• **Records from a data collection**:
----------------

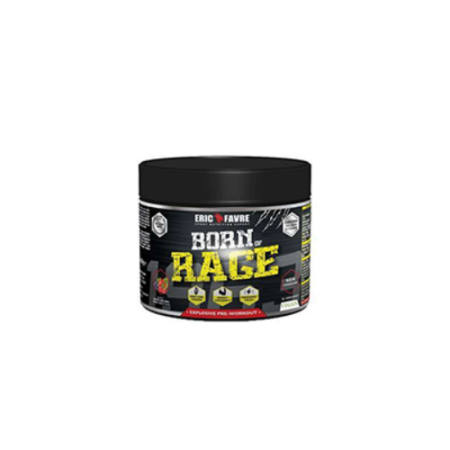 Born of rage - Explosive Préworkout & Creatine - 250 - Eric Favre
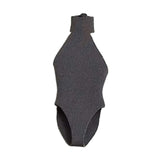 Maxbell 1:12 Scale Action Figure Clothes Swimsuit Mini for 6 inch Action Figure Body Grey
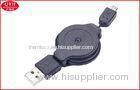 Samsung Phone Retractable Micro USB Cable Charging sync data transmission cord 100CM
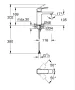 Grohe Cubeo mosdócsaptelep M méret, króm 1017550000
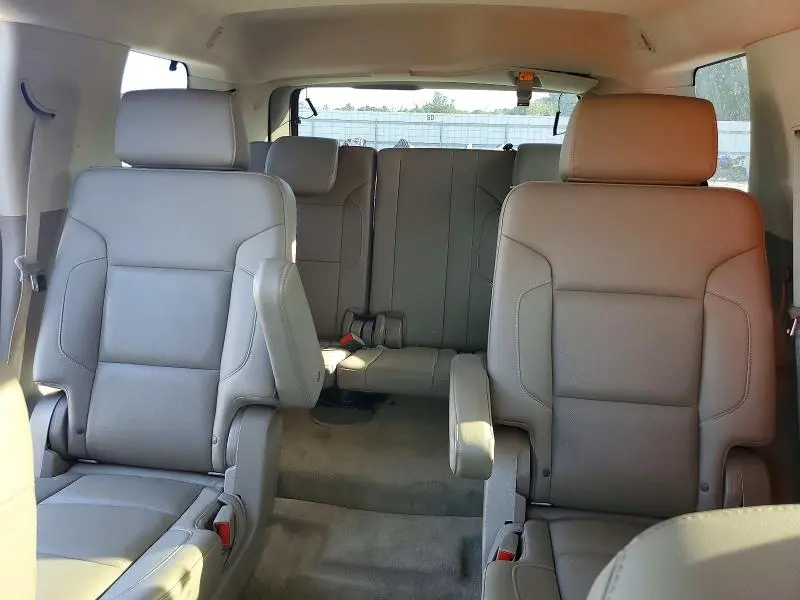 2015 CHEVROLET TAHOE K1500 LTZ  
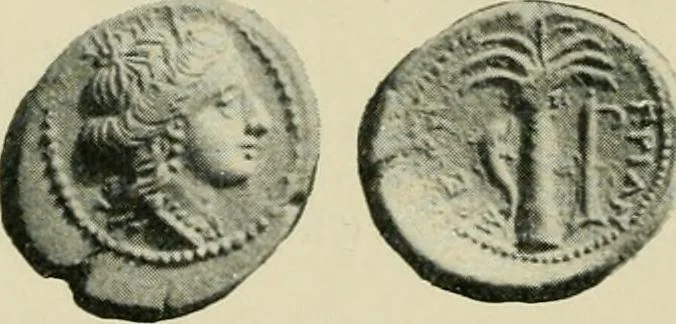 An illustration from Greek coins and their parent cities, 1902, leaf 169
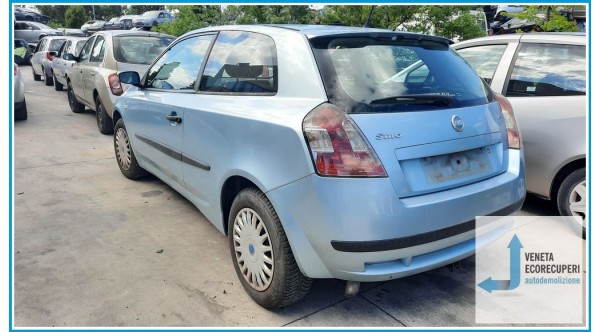 FIAT STILO 2V del 2005 parti usate e ricambi - Tipo Motore 192A9000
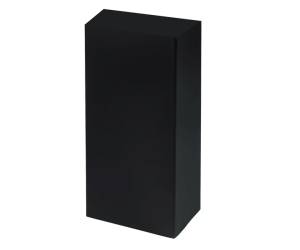 Contenitore gettacarte Bob Color 30 x 20 x 70 cm 42 lt nero Medial 790401 - 12217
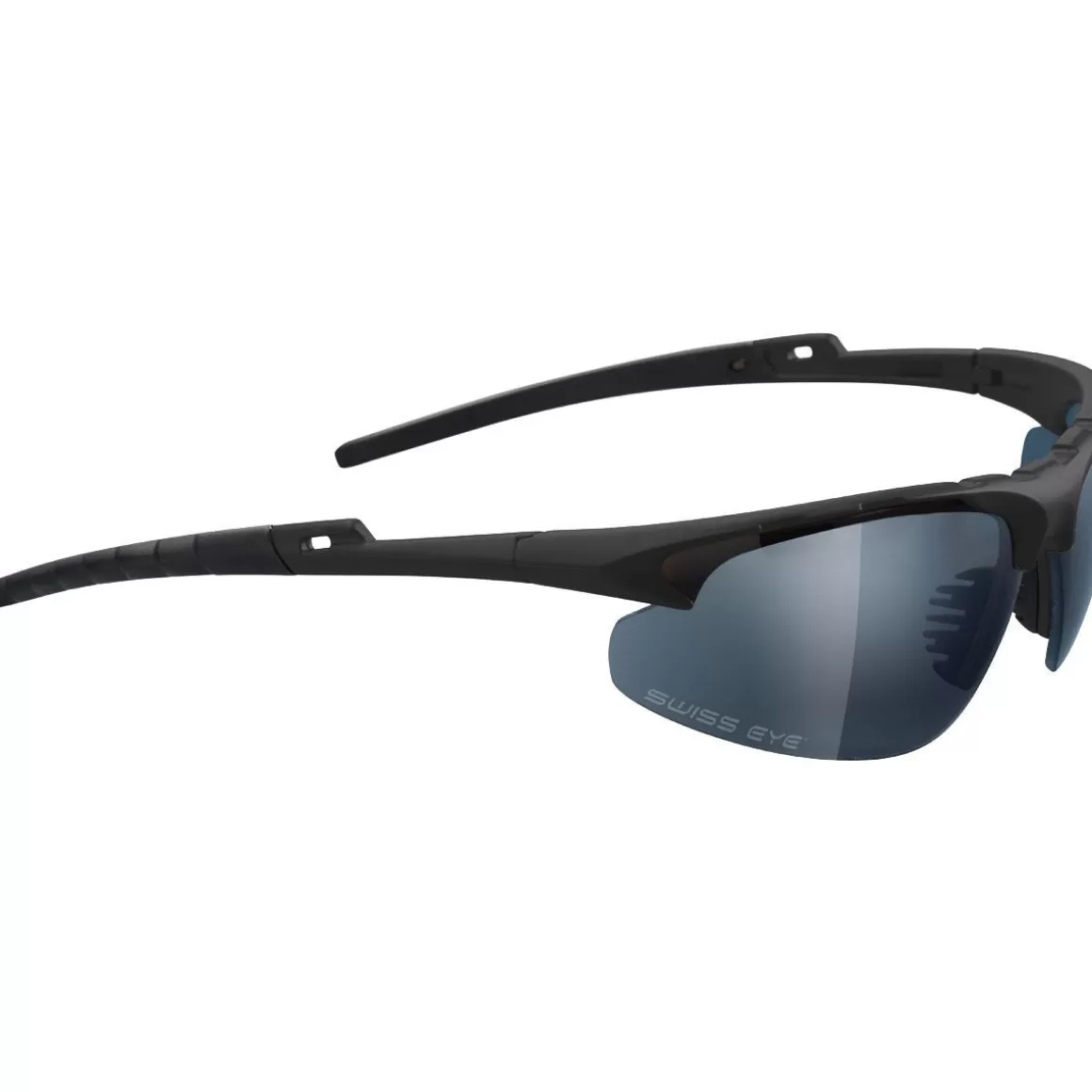 Swiss Eye Ballistic Glasses> Apache Glasses Black Frame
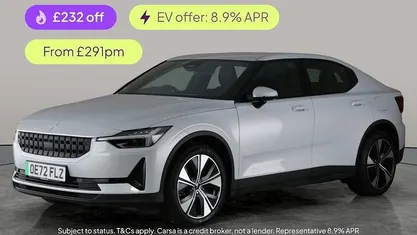 Used 2022 Polestar 2 Standard Range Single Motor Hatchback | £18,352 (Good price)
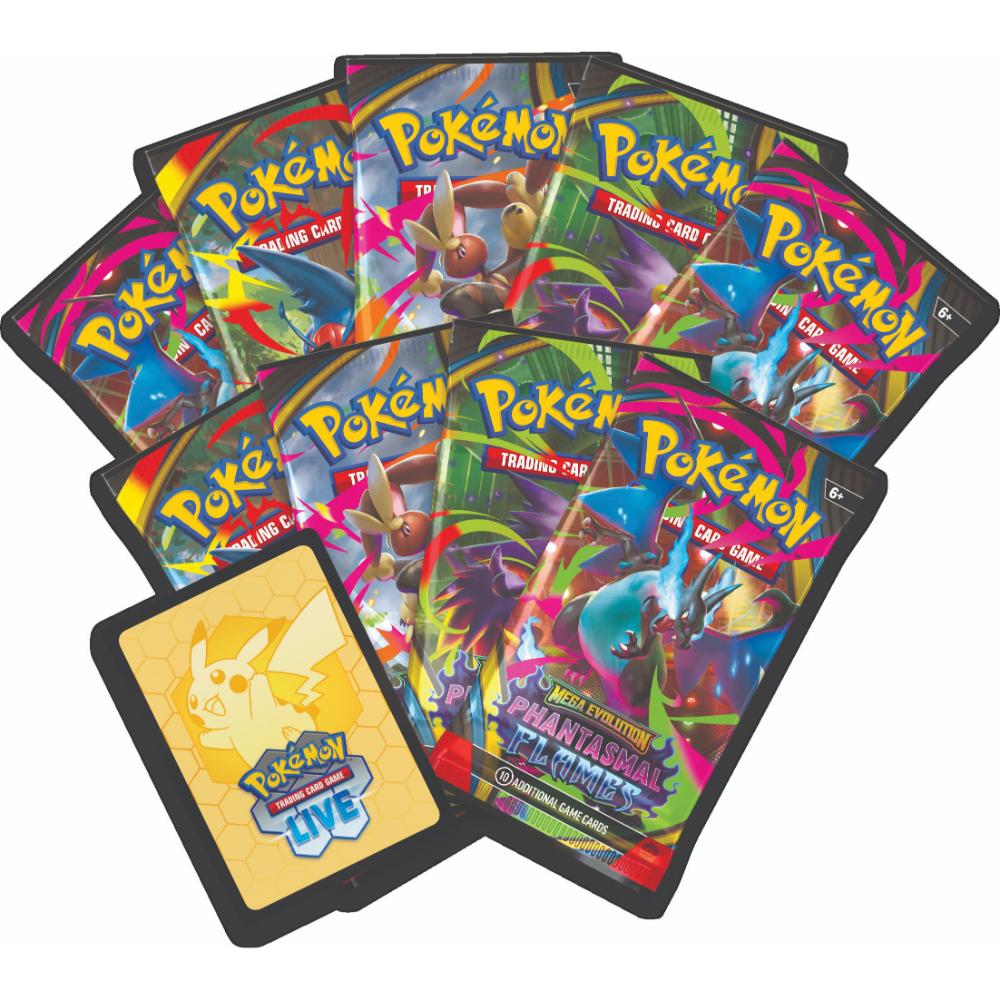 Pokemon-Mega-Evolution Phantasmal-Flames-Elite-Trainer-Box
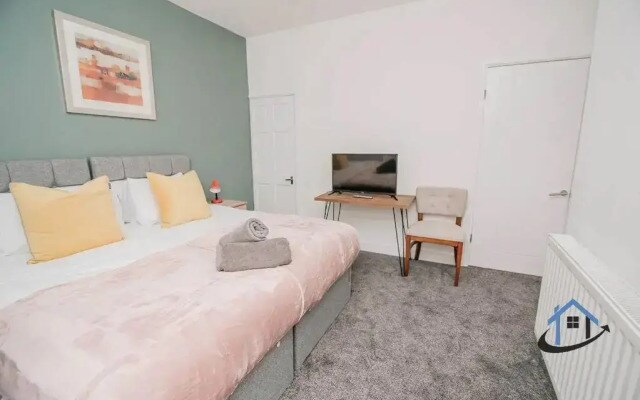 Balby Casa Nr Doncaster Racecourse King Beds Street Parking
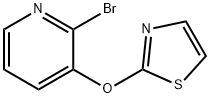 2-溴-3-(2-噻唑基氧基)吡啶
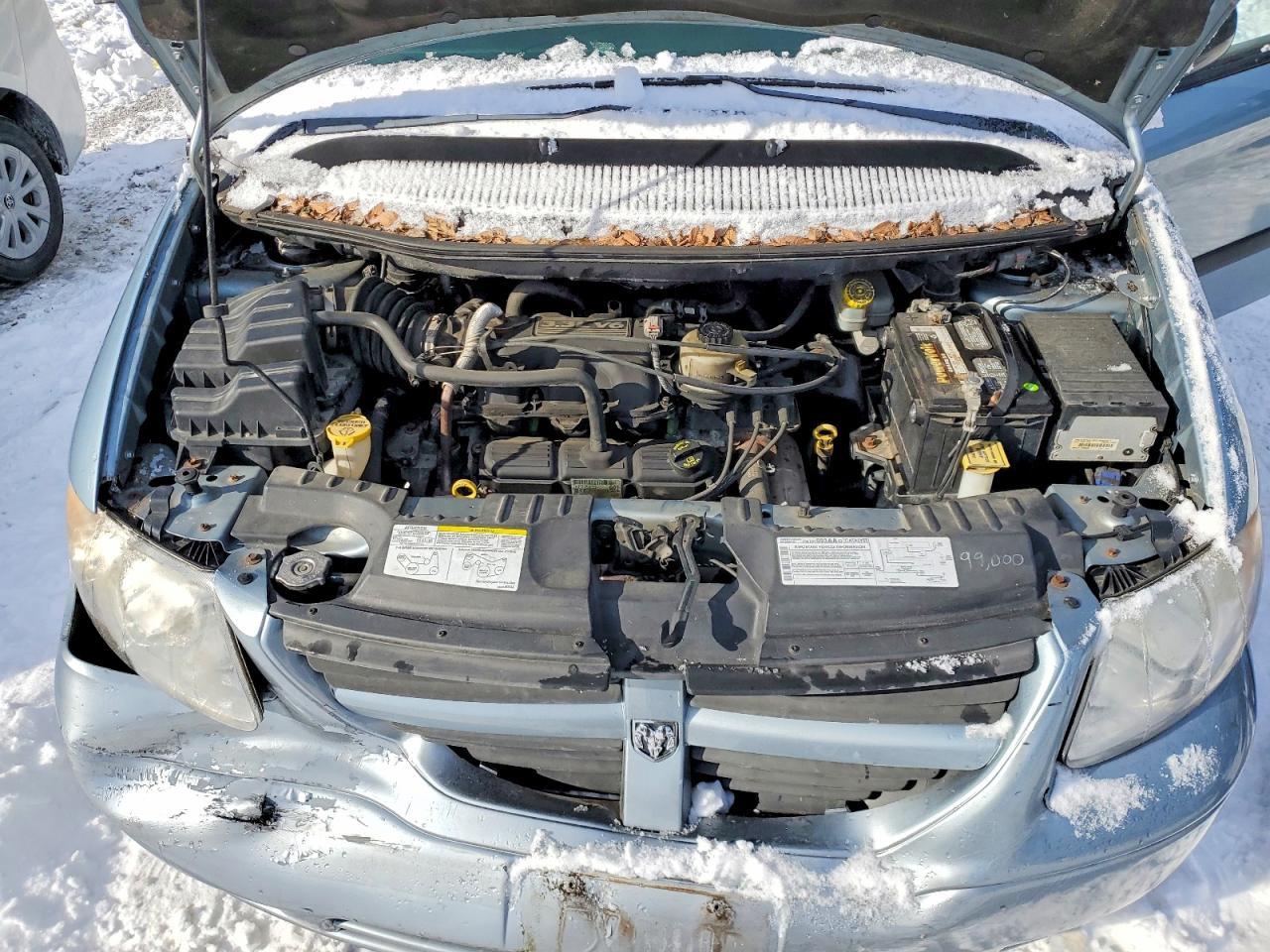 2006 DODGE CARAVAN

----------------

• **Action item**: Give back exactly the lines from the line with "FIAT STILO 2V" through the final line of the entries above, and keep pictures out of the copy.

• **Response to this task**:
 FIAT STILO 2V del 2005 parti usate e ricambi - Tipo Motore 192A9000
 Contenitore gettacarte Bob Color 30 x 20 x 70 cm 42 lt nero Medial 790401 - 12217
 Swiss Eye Ballistic Glasses> Apache Glasses Black Frame
 Used 2022 Polestar 2 Standard Range Single Motor Hatchback | £18,352 (Good price)
 Pokemon-Mega-Evolution Phantasmal-Flames-Elite-Trainer-Box
 Balby Casa Nr Doncaster Racecourse King Beds Street Parking
 2-溴-3-(2-噻唑基氧基)吡啶
 2006 DODGE CARAVAN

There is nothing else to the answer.